(Records from a collection)
■ ■ ■ ■ ■

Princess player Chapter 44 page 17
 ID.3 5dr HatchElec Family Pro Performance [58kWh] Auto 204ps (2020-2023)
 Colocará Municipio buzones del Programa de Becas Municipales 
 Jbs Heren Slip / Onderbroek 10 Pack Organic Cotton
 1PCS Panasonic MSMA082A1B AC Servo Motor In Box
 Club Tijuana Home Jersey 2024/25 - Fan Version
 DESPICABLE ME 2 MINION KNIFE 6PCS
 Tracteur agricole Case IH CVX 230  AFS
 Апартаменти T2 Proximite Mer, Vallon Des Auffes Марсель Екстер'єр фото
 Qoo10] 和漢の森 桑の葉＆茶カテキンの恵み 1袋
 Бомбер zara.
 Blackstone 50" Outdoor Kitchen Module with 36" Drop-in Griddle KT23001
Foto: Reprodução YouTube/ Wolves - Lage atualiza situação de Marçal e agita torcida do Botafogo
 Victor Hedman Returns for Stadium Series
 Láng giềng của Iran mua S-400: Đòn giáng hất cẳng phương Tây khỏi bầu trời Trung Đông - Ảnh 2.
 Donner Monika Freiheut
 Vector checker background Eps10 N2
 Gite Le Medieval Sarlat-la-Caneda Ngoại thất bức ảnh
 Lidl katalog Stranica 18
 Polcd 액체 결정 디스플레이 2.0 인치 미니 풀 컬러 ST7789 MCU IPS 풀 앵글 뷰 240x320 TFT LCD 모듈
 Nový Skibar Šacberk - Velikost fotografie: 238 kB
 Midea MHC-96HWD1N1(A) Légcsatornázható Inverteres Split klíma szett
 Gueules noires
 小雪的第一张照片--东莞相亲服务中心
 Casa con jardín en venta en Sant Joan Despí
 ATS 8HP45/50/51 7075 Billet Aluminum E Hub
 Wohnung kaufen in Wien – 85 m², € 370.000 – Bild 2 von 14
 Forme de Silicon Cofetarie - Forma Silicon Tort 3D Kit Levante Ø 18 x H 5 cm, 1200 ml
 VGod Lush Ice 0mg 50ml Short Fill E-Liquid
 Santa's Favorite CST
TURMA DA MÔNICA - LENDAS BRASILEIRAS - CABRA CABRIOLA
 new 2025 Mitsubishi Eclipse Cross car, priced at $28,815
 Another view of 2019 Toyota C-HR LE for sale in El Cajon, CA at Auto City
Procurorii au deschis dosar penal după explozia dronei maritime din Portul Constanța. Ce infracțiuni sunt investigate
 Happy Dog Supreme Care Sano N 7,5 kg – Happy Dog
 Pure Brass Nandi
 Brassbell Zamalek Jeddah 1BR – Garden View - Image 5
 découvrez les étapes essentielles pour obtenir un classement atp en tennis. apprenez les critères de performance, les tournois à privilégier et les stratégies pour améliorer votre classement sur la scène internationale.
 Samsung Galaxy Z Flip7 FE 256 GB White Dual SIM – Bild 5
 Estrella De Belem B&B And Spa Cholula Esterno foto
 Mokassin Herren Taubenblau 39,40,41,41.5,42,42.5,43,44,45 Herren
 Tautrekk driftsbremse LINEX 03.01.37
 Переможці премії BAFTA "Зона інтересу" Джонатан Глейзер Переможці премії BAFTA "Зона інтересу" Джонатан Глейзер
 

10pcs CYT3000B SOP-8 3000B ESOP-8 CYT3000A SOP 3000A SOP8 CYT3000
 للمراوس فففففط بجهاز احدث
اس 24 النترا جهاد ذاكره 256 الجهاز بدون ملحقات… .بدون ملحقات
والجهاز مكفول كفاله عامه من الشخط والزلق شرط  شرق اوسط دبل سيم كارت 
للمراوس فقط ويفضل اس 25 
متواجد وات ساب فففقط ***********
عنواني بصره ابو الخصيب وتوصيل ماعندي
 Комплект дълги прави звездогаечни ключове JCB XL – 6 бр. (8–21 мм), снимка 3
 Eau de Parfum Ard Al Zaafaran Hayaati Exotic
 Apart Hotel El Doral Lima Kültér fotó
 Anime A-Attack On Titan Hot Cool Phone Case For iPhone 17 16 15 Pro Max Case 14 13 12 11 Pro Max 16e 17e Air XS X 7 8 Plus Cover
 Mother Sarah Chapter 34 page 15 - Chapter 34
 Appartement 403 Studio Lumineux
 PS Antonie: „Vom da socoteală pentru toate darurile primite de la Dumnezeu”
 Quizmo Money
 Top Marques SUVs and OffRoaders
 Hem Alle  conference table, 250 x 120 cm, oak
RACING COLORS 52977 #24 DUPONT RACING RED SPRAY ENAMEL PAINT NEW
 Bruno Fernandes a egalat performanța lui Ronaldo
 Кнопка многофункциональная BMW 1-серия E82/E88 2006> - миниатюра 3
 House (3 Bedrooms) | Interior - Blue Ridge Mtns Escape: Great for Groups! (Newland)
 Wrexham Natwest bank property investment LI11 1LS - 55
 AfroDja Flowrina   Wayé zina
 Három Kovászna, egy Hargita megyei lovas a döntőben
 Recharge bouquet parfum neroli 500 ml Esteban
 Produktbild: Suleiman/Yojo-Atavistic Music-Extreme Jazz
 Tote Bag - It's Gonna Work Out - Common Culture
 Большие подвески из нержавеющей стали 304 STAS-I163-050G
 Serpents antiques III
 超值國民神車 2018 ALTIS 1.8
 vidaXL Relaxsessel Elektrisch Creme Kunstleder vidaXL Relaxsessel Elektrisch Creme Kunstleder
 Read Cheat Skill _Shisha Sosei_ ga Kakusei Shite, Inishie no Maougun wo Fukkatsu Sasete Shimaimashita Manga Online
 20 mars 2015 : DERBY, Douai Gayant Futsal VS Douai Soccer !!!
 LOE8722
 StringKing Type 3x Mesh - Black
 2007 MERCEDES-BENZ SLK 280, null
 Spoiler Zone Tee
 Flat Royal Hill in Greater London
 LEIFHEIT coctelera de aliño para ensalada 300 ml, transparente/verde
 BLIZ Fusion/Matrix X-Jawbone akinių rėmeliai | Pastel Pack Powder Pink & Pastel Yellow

■ ■ ■ ■ ■

Restate word for word only the lines above from the line containing "Anime A-Attack On" to the line containing "Bruno Fernandes a", both of them included.

_Response below_
 Anime A-Attack On Titan Hot Cool Phone Case For iPhone 17 16 15 Pro Max Case 14 13 12 11 Pro Max 16e 17e Air XS X 7 8 Plus Cover
 Mother Sarah Chapter 34 page 15 - Chapter 34
 Appartement 403 Studio Lumineux
 PS Antonie: „Vom da socoteală pentru toate darurile primite de la Dumnezeu”
 Quizmo Money
 Top Marques SUVs and OffRoaders
 Hem Alle  conference table, 250 x 120 cm, oak
RACING COLORS 52977 #24 DUPONT RACING RED SPRAY ENAMEL PAINT NEW
 Bruno Fernandes a egalat performanța lui Ronaldo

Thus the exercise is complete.